Records contained in a dataset:
--- START ---

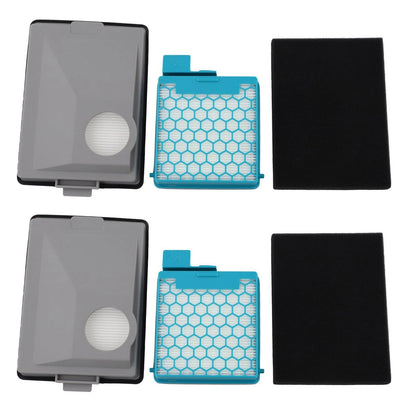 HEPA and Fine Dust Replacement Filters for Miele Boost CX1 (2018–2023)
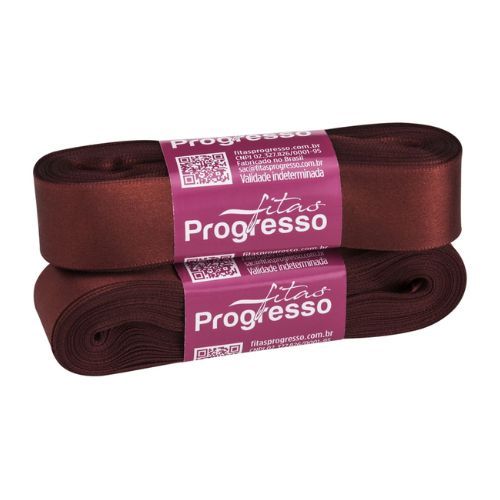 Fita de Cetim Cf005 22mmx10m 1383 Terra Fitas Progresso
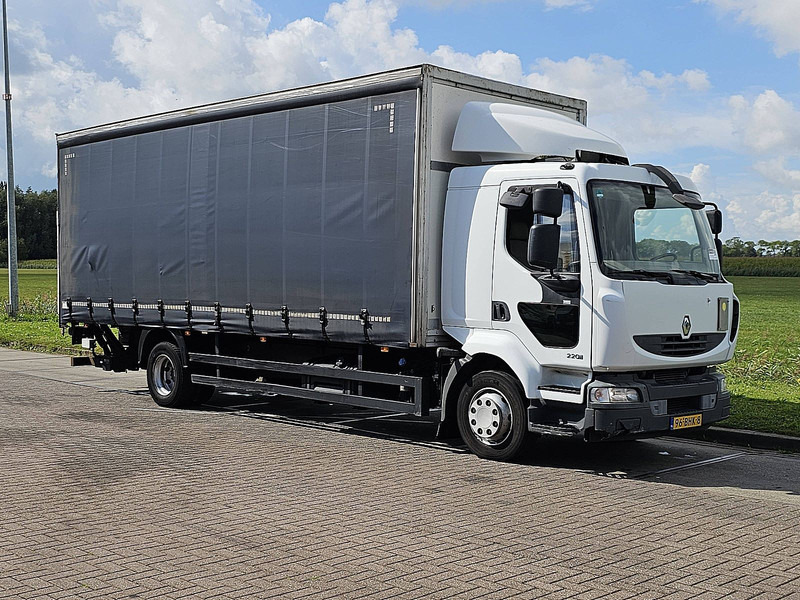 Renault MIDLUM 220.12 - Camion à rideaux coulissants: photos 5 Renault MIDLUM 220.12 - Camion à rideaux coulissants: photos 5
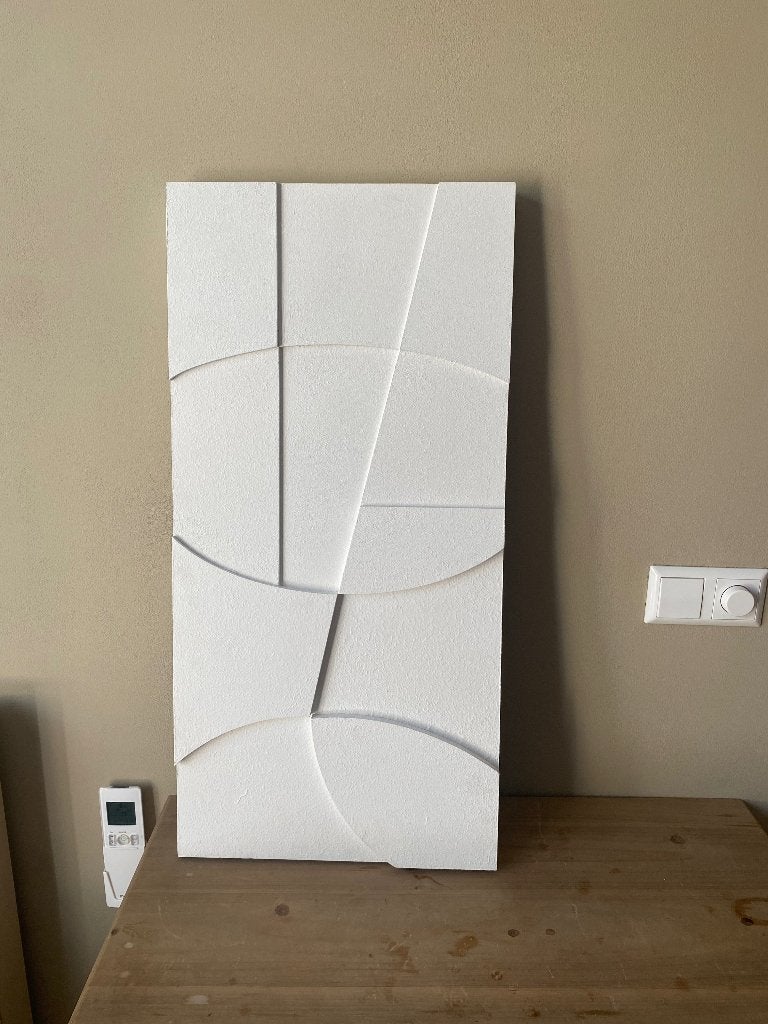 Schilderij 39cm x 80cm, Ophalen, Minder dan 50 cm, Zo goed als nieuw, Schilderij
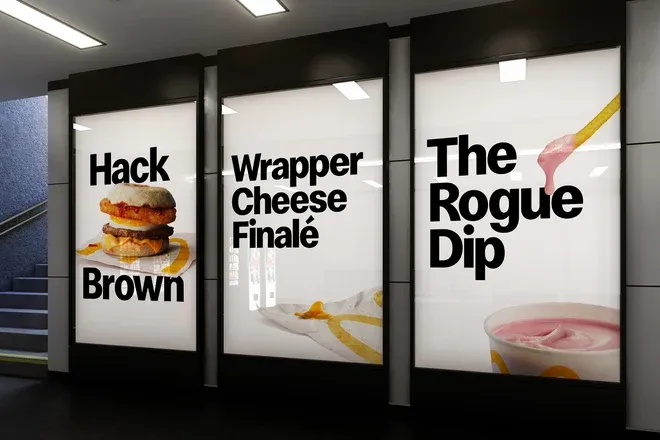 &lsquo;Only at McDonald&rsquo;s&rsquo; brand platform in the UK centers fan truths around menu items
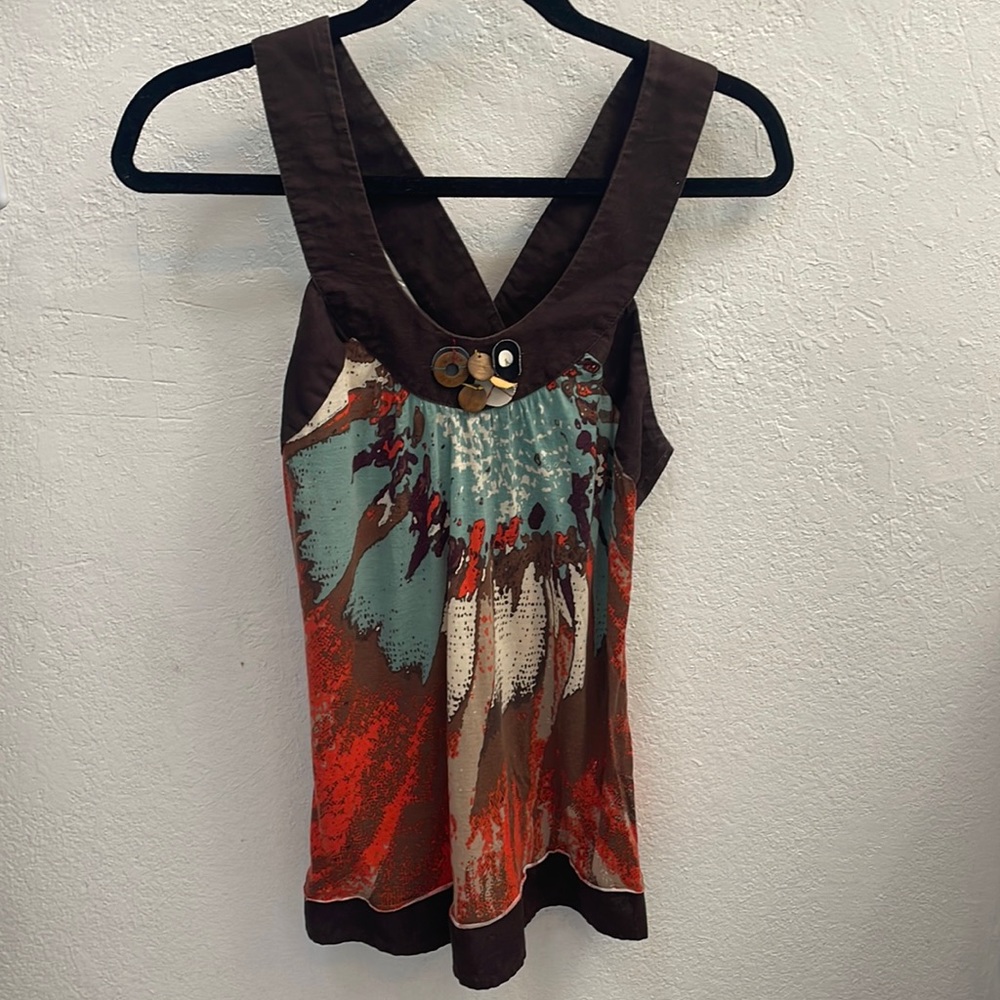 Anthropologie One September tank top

--- END ---

ABOUT THIS TASK:
Write the data above out exactly. Leave out any pictures.

YOUR RESPONSE:
 HEPA and Fine Dust Replacement Filters for Miele Boost CX1 (2018–2023)
 Fita de Cetim Cf005 22mmx10m 1383 Terra Fitas Progresso
 Renault MIDLUM 220.12 - Camion à rideaux coulissants: photos 5 Renault MIDLUM 220.12 - Camion à rideaux coulissants: photos 5
 Schilderij 39cm x 80cm, Ophalen, Minder dan 50 cm, Zo goed als nieuw, Schilderij
 &lsquo;Only at McDonald&rsquo;s&rsquo; brand platform in the UK centers fan truths around menu items
 Anthropologie One September tank top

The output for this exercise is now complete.